** EXERCISE AIM **
Skip the pictures and write out, word for word, the lines below from the one with "So I busted" through the one with "Let's take a", inclusive.

[Data entries]
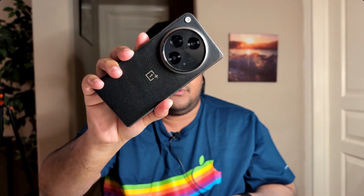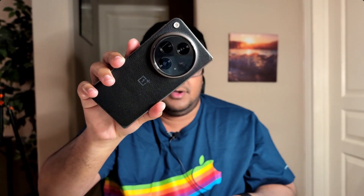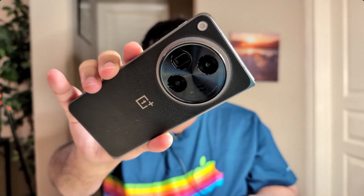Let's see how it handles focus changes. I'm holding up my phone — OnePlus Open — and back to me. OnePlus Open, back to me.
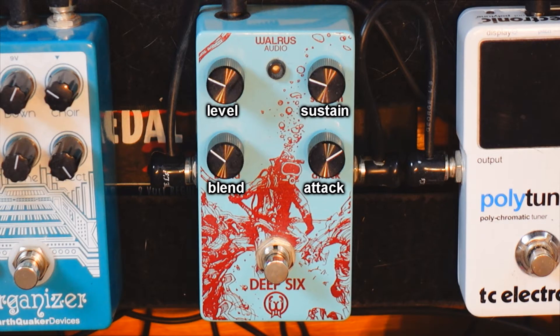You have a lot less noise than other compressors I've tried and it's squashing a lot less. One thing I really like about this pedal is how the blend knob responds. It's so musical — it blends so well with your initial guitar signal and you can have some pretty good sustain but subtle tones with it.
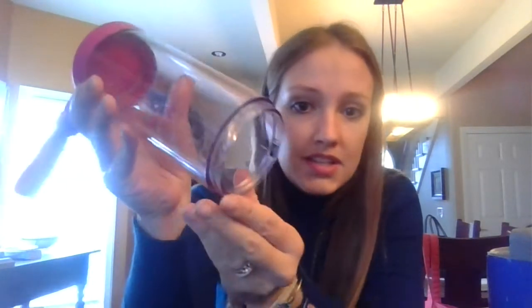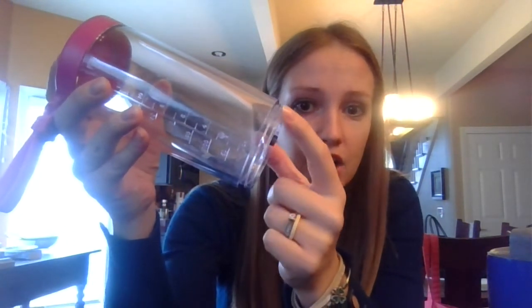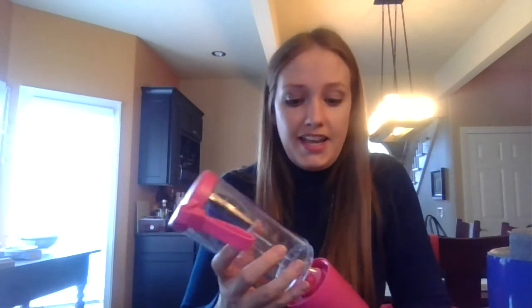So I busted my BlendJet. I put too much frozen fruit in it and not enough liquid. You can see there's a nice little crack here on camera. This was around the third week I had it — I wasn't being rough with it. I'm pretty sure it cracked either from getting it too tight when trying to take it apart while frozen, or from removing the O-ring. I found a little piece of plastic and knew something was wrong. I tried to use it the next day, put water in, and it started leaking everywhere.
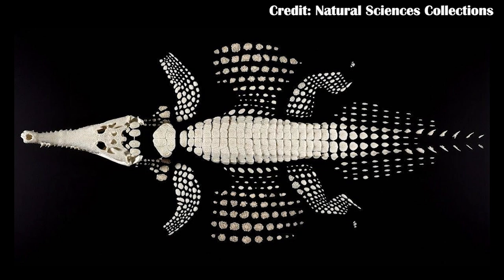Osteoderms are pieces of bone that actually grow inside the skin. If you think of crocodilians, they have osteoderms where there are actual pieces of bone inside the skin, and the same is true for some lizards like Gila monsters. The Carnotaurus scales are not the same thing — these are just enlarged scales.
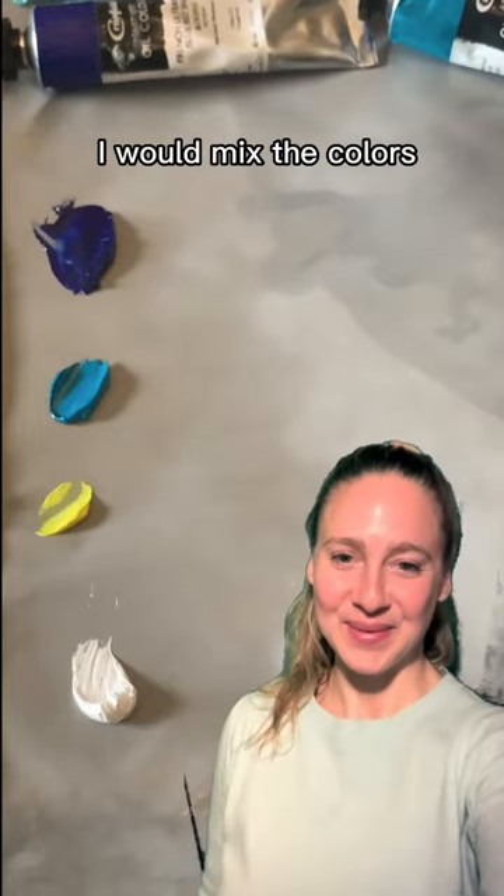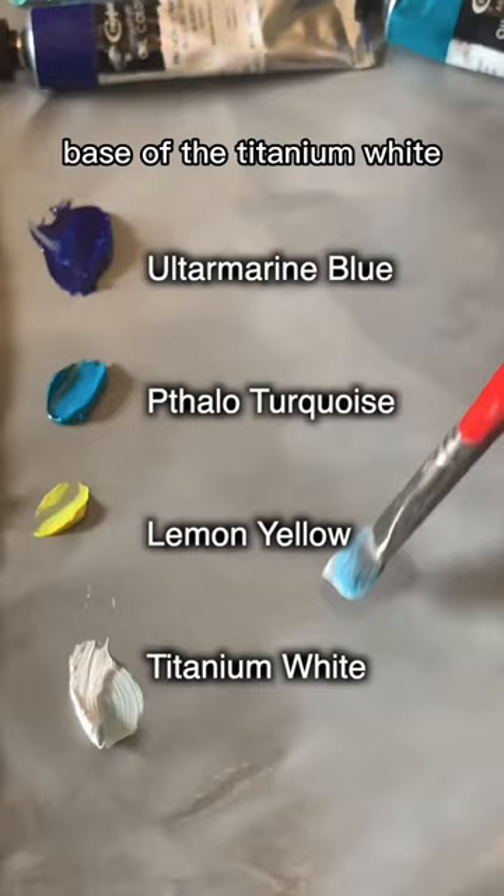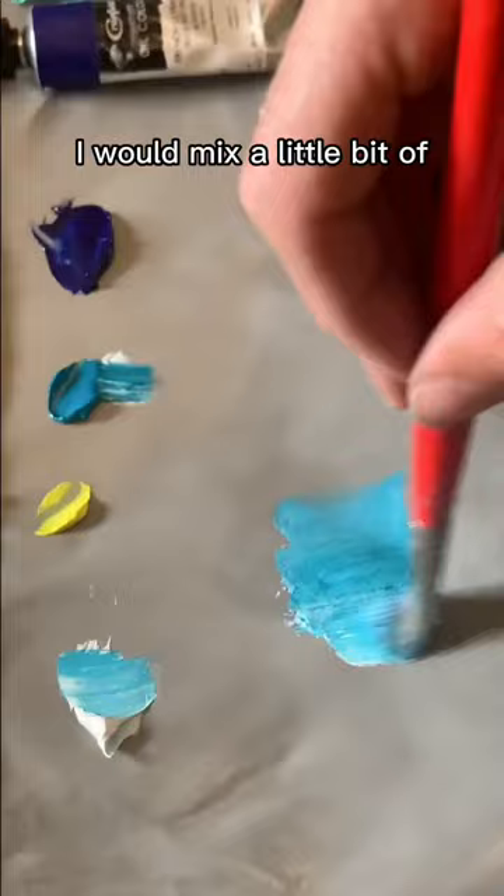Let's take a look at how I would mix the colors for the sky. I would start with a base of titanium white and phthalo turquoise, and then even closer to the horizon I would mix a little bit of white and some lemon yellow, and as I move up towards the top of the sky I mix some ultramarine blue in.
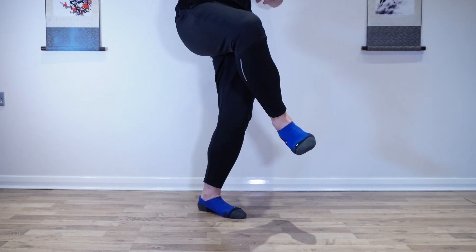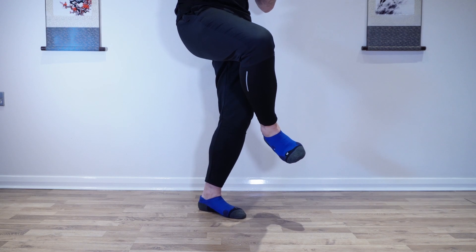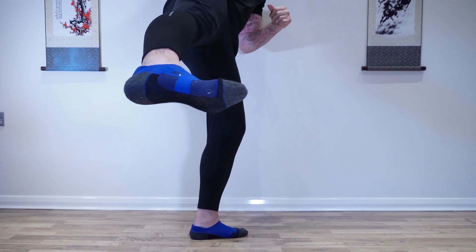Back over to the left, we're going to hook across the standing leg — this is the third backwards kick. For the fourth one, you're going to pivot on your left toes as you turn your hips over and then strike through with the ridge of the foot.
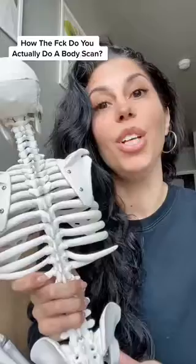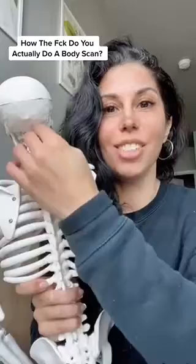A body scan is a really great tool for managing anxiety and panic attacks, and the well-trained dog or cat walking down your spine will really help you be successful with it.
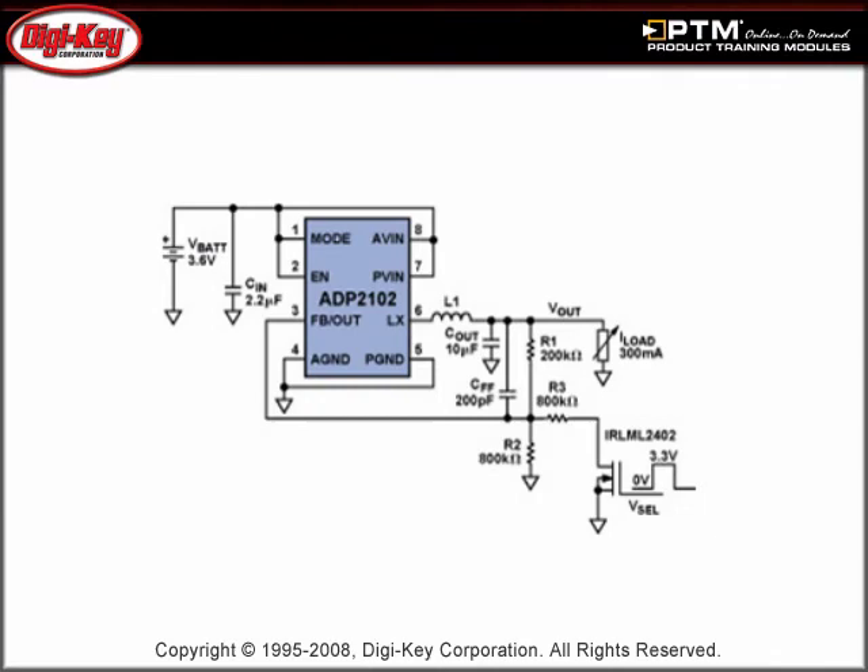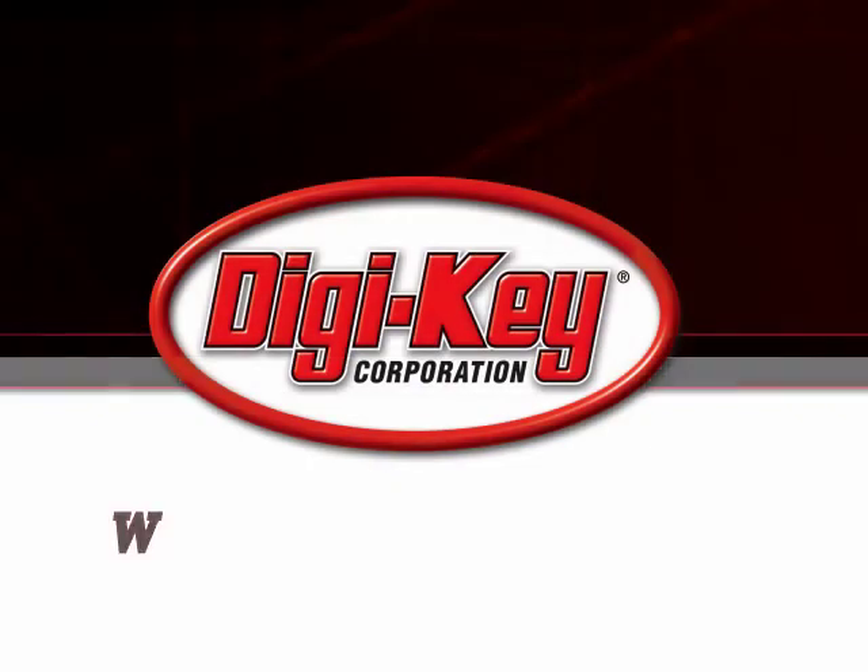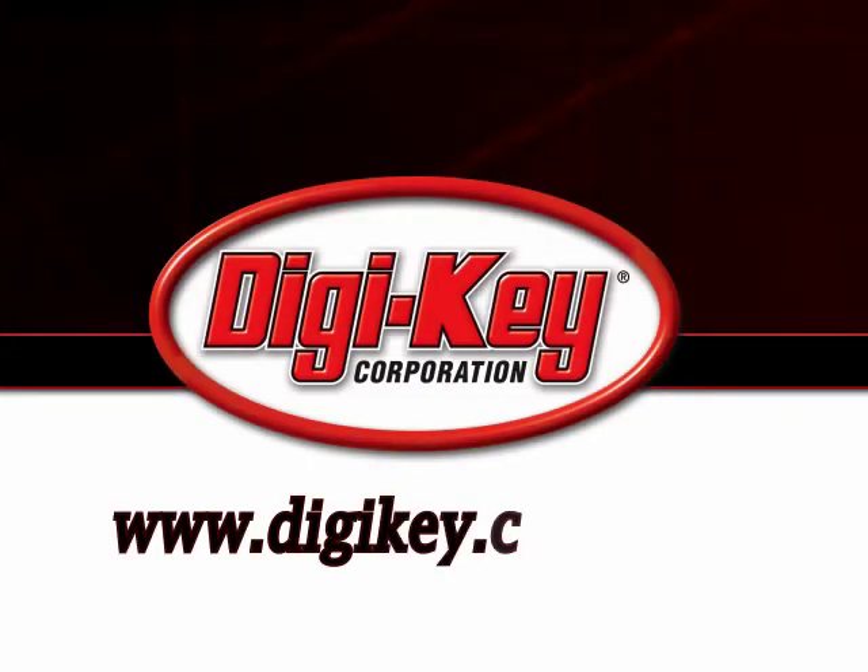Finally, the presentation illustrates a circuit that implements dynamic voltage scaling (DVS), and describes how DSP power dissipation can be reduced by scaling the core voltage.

** SOLUTION TO THE PROBLEM **
So I busted my BlendJet. I put too much frozen fruit in it and not enough liquid. You can see there's a nice little crack here on camera. This was around the third week I had it — I wasn't being rough with it. I'm pretty sure it cracked either from getting it too tight when trying to take it apart while frozen, or from removing the O-ring. I found a little piece of plastic and knew something was wrong. I tried to use it the next day, put water in, and it started leaking everywhere.
Osteoderms are pieces of bone that actually grow inside the skin. If you think of crocodilians, they have osteoderms where there are actual pieces of bone inside the skin, and the same is true for some lizards like Gila monsters. The Carnotaurus scales are not the same thing — these are just enlarged scales.
Let's take a look at how I would mix the colors for the sky. I would start with a base of titanium white and phthalo turquoise, and then even closer to the horizon I would mix a little bit of white and some lemon yellow, and as I move up towards the top of the sky I mix some ultramarine blue in.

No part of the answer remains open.